第6話

文字数 2,506文字

 遠山町へ行った翌日の深夜。
 シャワーを浴びたあと、菜美は急いで自分の部屋に入った。勢いよくパソコンの前に座り、『仲良しブログ』を開く。
 「ブログチェック、始めよっか」
 シャワーを浴びている最中も、ブログが気になって仕方がなかった。夕食のあとで書き上げたブログに、どれぐらいの「いいね」とコメントがついたか知りたい。たとえPV数は少なくても、「いいね」やコメントが多いとそれだけで嬉しい。
 「遠山町のみんな、このブログ見てくれたやろか」
 菜美は不安でたまらなかった。遠山町の人々が見ていなかったら、今夜はショックで眠れなくなる。

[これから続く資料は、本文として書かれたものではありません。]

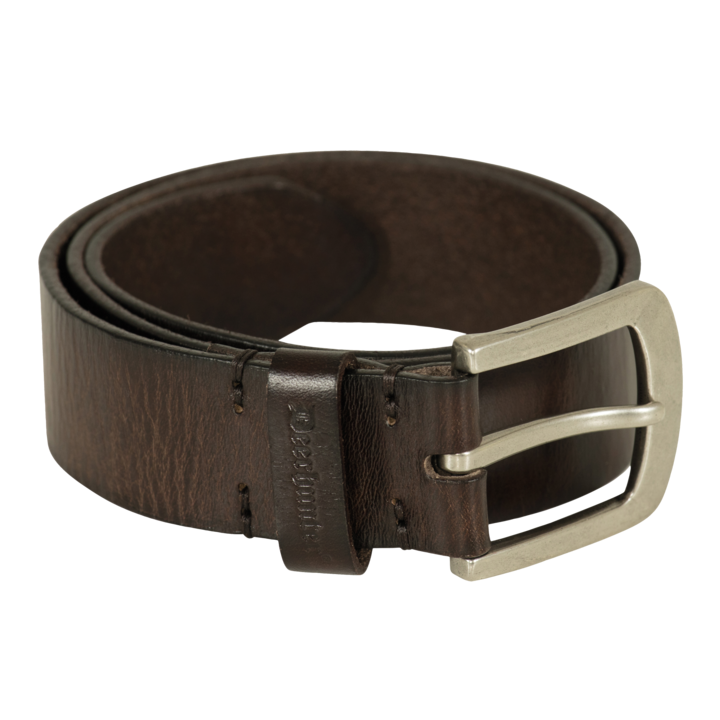 Ceinture en cuir marron - DEERHUNTER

 「ううん、見てくれるって。ちょっと気弱になってるな」
 遠山食堂の記事をブログに載せると伝えたとき、典子はずいぶんと興奮していたし、霧子も心から礼を言ってくれた。
 「理江さんとおばさんは、もう寝てはるわ。典子さんはどやろ。まだ起きてそうや」
 栄太の顔を思い出して、パソコンの画面の右下をちらっと見た。そこに時刻が表示されている。

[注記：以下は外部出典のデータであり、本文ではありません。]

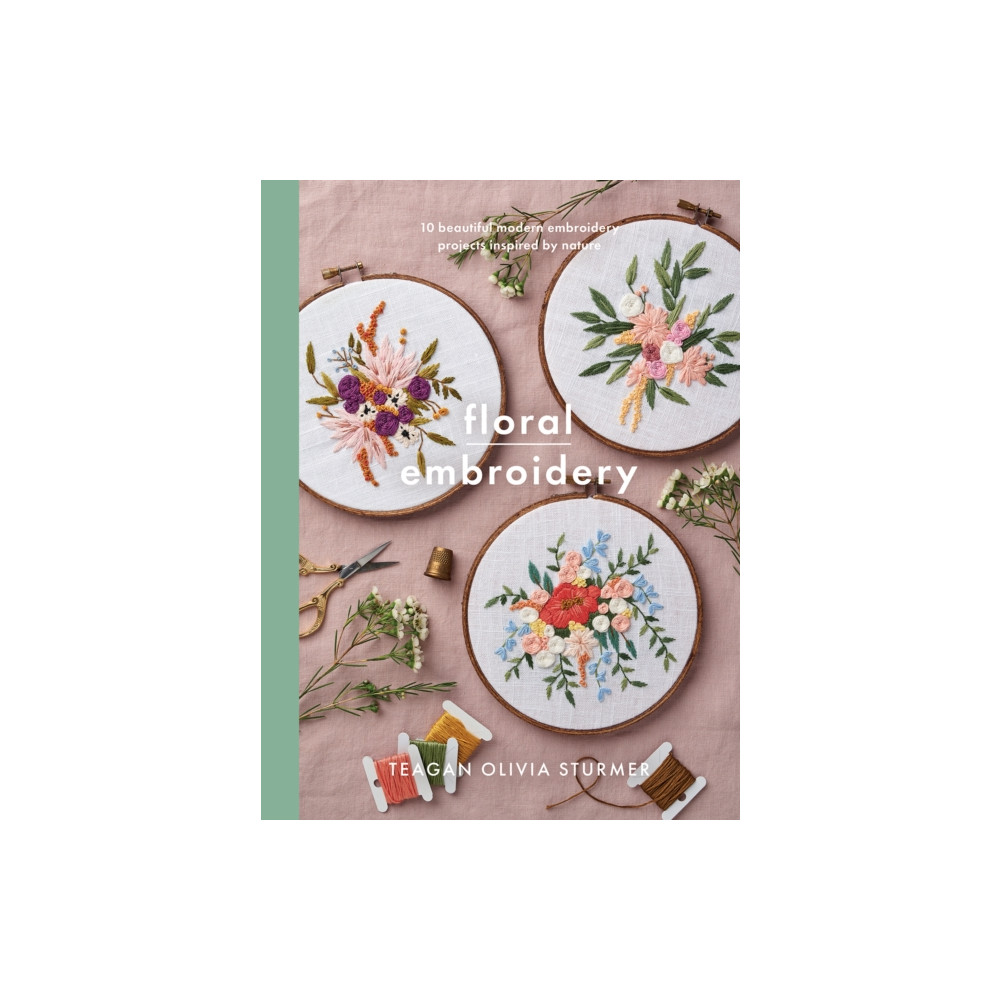 Produktbild för Floral Embroidery (häftad, eng)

 「もう、十時半や。おじさん、コンビニのバイト行った後やろな」
 コンビニの仕事が忙しくて、ブログを読む時間は栄太にないだろう。菜美は少し寂しくなった。
 「ま、後から読んでくれたらええ。てか、ブログ書いてからまだ三十分やし」
 菜美は気を取り直して、自分が書いた遠山町の記事を読み始めた。だんだんと顔が緩んでいく。

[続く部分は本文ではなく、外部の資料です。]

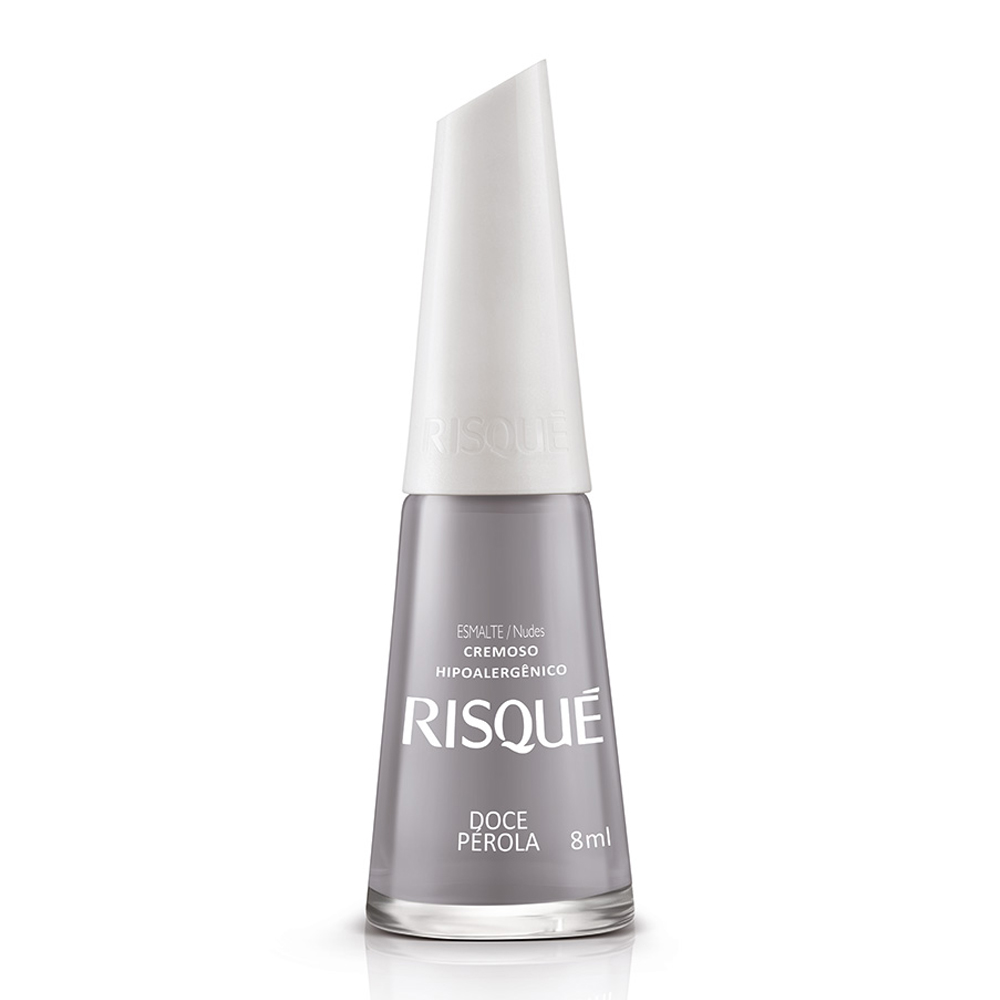 Esmalte Risqué Nude Cremoso Doce Pérola 8ml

 「力作やね。スケジュール組んで作った甲斐があったわ」とにっこりした。
 菜美は計画性をもってこのブログ記事を作成した。遠山食堂で皆に親切にして貰ったうえに、夜には典子が丁寧なコメントをくれたのだ。遠山食堂を多くの画像と共に記事にして、理江さんをはじめとした皆に喜んで貰いたかった。それは出来るだけ早いほうが良い。時間の効率化を考えて、菜美は綿密にスケジュールを組んだのだ。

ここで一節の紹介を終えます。